No creo que vaya a ser así. Catar metió mucho dinero en esta copa. Puso sobre sí los ojos del mundo. Y el fútbol poco les importa, pero algo se querrán llevar, ¿no? Así ha funcionado siempre (Italia 34, Argentina 78, Corea 2002… etc). Ojalá sea limpio, que se burlen de mis suspicacias.

Sí creo, en cambio, que en un mes no seré el mismo, como siempre. Después de un Mundial, a los que nos gusta, nunca somos los mismos. “Cuando el mundial comenzó, en la puerta de mi casa colgué un cartel que decía: Cerrado por fútbol. Cuando lo descolgué, un mes después, yo ya había jugado setenta y cuatro partidos, cerveza en mano, sin moverme de mi sillón preferido”. ¡Qué ganas de que empiece la Copa!
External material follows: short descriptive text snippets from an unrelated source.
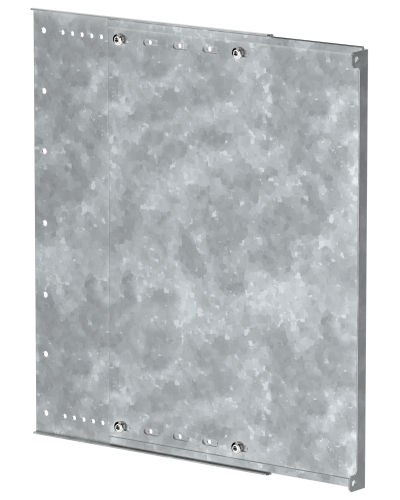 Перегородка секционирования вертикальная IEK (FO-00-SWVB-045-040) в Махачкале Аксессуары для стоек и шкафов Pintop.ru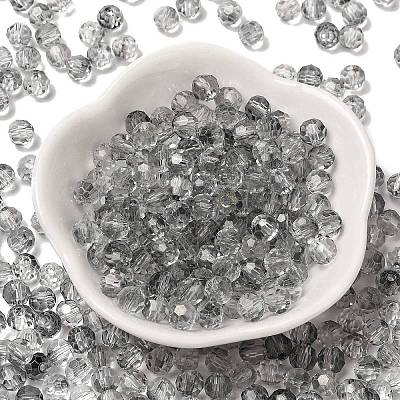 Transparent Colours Glass Round Beads SEED-F006-04A-08-1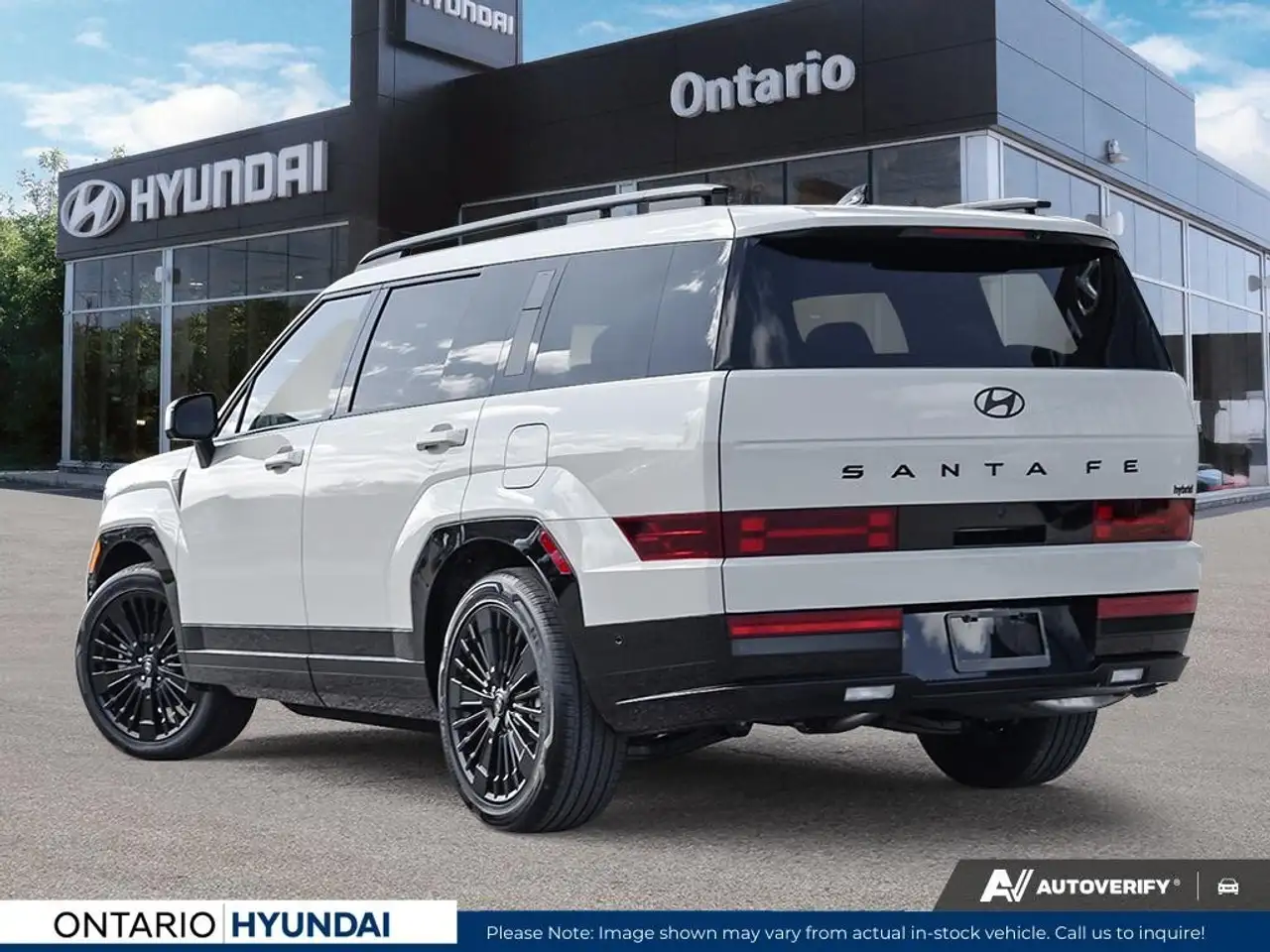 Hyundai SANTA FE photo Hyundai SANTA FE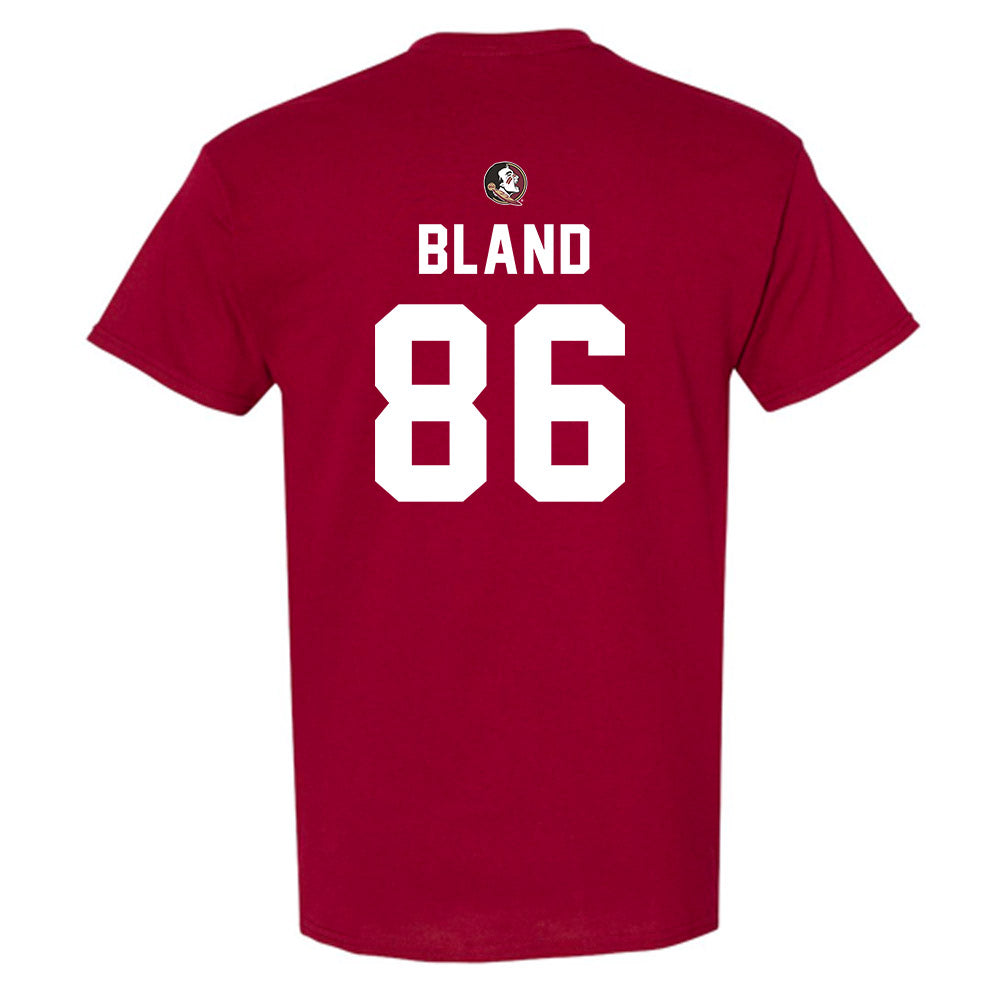 FSU - NCAA Football : Tony Bland - Sports Shersey T-Shirt-1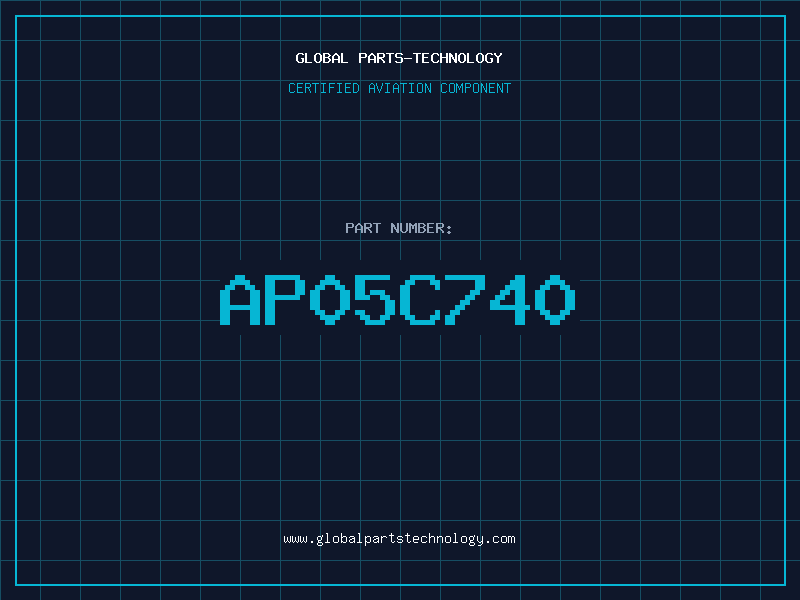 Aviation Part AP05C740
Este será mi primer Mundial como periodista. ¿Será como ese 2010, inolvidable? Seguro, como me pasa con todos porque me vuelven loco. Soy de los que cuenta su vida en mundiales —¿Cuatro años? Falta un Mundial para que eso pase; ¿siete? Falta uno y medio, y así—. Seguro será un Mundial único, hay muchas aristas. Será el último de 32. Todos se quejan y dicen que no será lo mismo. Es probable, pero sé que, como me pasa, como le pasaba a Galeano, cuando pase este mes, tendremos nostalgia de lo vivido. Guardar el letrero —el de “Cerrado por fútbol”— dolerá. Y la espera hasta México, Estados Unidos y Canadá 2026 —¡26!— será, otra vez, una tortura. No molesten, en mi casa es época de Mundial.